Species of bird in Brazil

The scaled ground cuckoo (Neomorphus squamiger) is a species of cuckoo in the tribe Neomorphini of subfamily Crotophaginae. It is endemic to the Amazon rainforest near the Tapajos River in Brazil.

==Taxonomy and systematics==

The scaled ground cuckoo's taxonomic status has not been settled. The South American Classification Committee (SACC) of the American Ornithological Society, the International Ornithological Committee, and the Clements taxonomy treat it as a species. However, BirdLife International's Handbook of the Birds of the World (HBW) treats it as a subspecies of the rufous-vented ground cuckoo (N. geoffroyi), and the SACC is seeking a proposal to possibly reevaluate their treatment.

This article follows the majority treatment as a species. It is monotypic.

==Description==

The scaled ground cuckoo is about 43 cm long, about half of which is its tail, and weighs about 340 g. Adults have a heavy decurved bill that is greenish with a bluish dusky base and a yellowish tip. The sexes have similar plumage. Adults have a brownish forehead and crown and a shaggy, glossy, blue-black, erectile crest. Most of the face is cinnamon buff but with bright cobalt blue bare skin behind the eye. Their hindneck and upper back are bronzy olive brown, the lower back bronzy brown to purplish, and the rump and uppertail coverts deep purplish brown with a bronze gloss. Their tail is black with a purple and green gloss on the upper side. Their wings are olive green with purple-glossed bluish primaries. Their throat is dusky white to pale buff. Their breast is buff or grayish with bold black semicircles that give it a scaly appearance and has an indistinct black band below it. The rest of the underparts are whitish or buffy with chestnut on the flanks, lower belly, and undertail coverts. Juveniles' breasts and flanks are dark brown and the belly dark brown with a paler center.

Some authors state that the scaled ground cuckoo can easily be separated from the rufous-vented ground cuckoo by the lack of a dark chest band and some other characteristics.
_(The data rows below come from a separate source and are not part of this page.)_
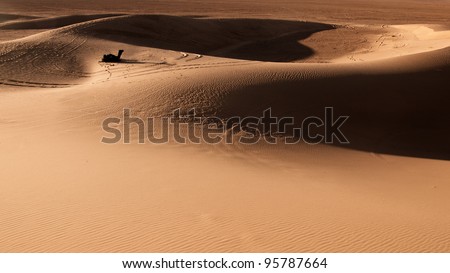 Wallpaper image of sand dunes with a silhouette of camel, Erg Chigaga, Moroccan Sahara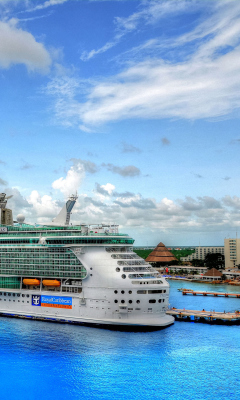 Fondo de pantalla Royal Caribbean Cruise 240x400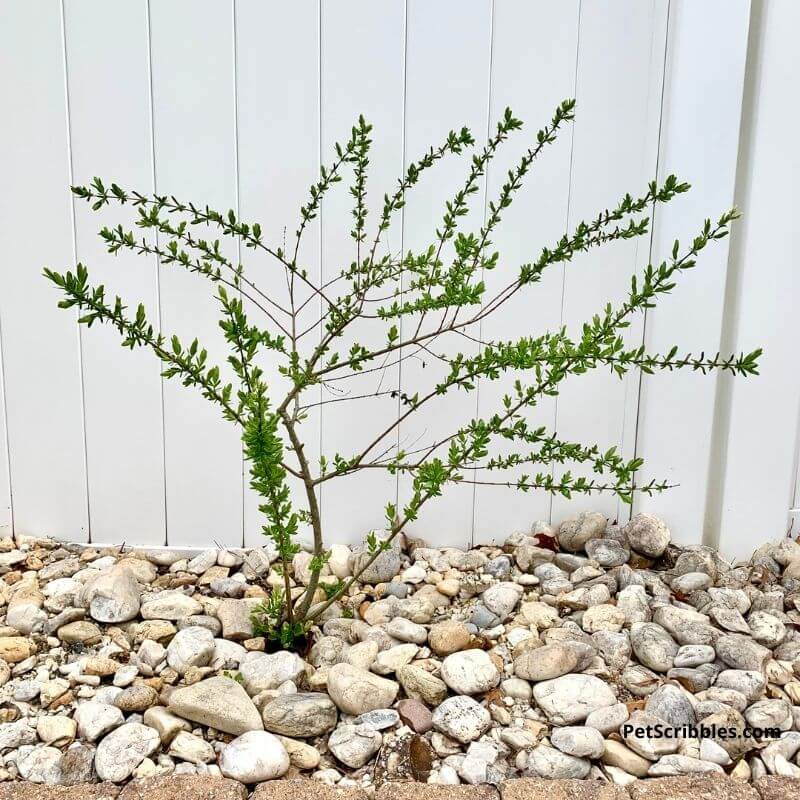 propagating dappled willow from cuttings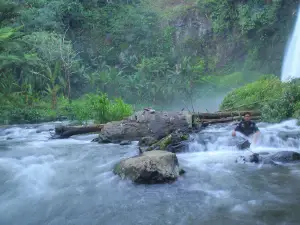 Niagara Sigerincing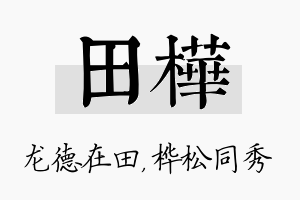 田桦名字的寓意及含义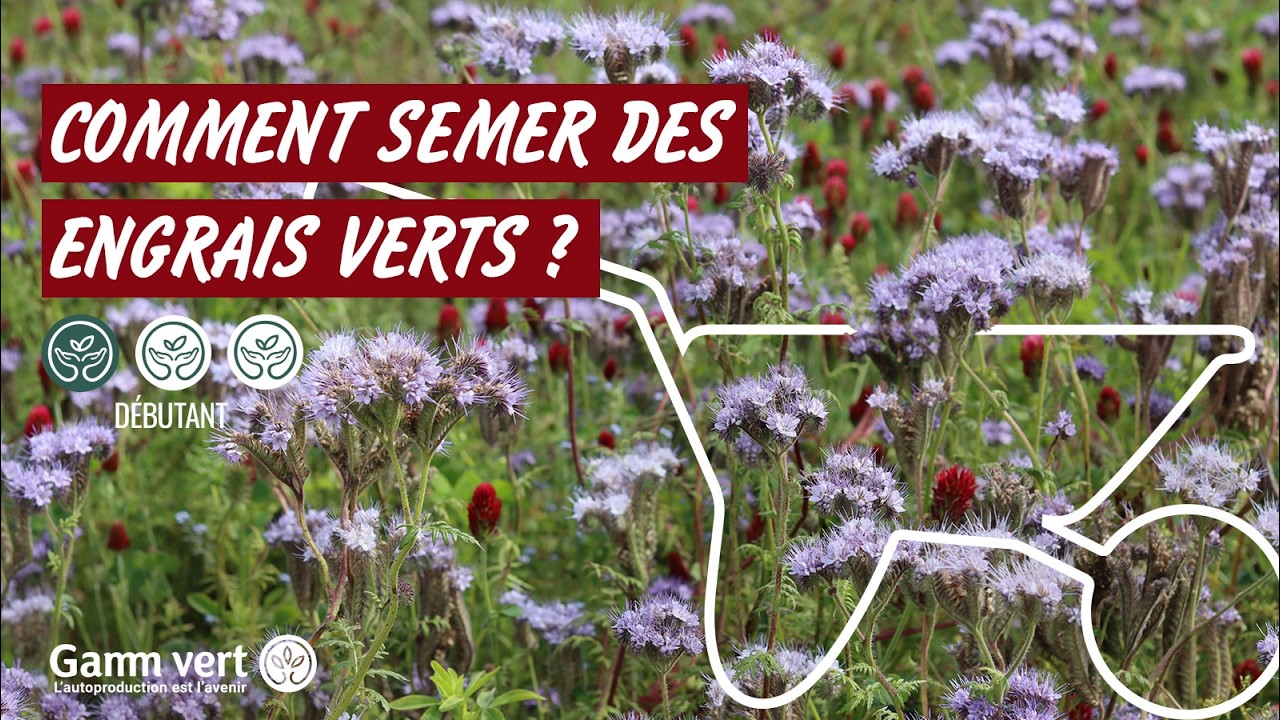 [TUTO] Comment semer les engrais verts ? &ndash; Jardinerie Gamm vert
Others maintain that the variation in these features in the Amazonian subspecies of rufous-vented ground cuckoos (N. g. amazonicus) makes the distinction questionable, leading to the lack of agreement on its status.

==Distribution and habitat==

The scaled ground cuckoo is generally considered to be restricted to the lower drainage of the Rio Tapajós, a southern tributary of the Amazon River, roughly between Parintins on the west and the Rio Xingu on the east. There are also a few records in the upper reaches of the Tapajós drainage. It inhabits mature undisturbed evergreen forest.

==Behavior==
===Locomotion===

The scaled ground cuckoo is almost exclusively terrestrial, though it flys to low perches to rest or preen. It mostly walks or runs on the forest floor.

===Feeding===

The scaled ground cuckoo's diet is not known but is assumed to be mostly insects like that of other Neomorphus cuckoos. Their diet also includes significant amounts of other arthropods; small vertebrates like lizards, amphibians, and small birds; and sometimes fallen fruits. The scaled ground cuckoo is known to often follow army ant swarms and has been observed following peccaries, presumably to catch prey fleeing from them.

===Breeding===

Almost nothing is known about the scaled ground cuckoo's breeding phenology and its nest has not been described. Both are assumed to be similar to those of other Neomorphus cuckoos.

===Vocal and non-vocal sounds===

What is thought to be the scaled ground cuckoo's song is "a soft, low dove-like OOOOOOOoo about 1-2 seconds in length given repeatedly with approximately 1-2 seconds between songs." It makes a dry clacking sound by clapping its bill.

==Status==

The IUCN until 2011 assessed the scaled ground cuckoo as Near Threatened. However, IUCN follows HBW taxonomy and since then has not evaluated the scaled ground cuckoo separately from the rufous-vented. That species as a whole is assessed as Vulnerable due to forest fragmentation and destruction because it requires large undisturbed forest. Because so many details of the species' life history are unknown, its exact status is uncertain, but with its very small range and restricted habitat requirements it is "highly sensitive to human disturbance."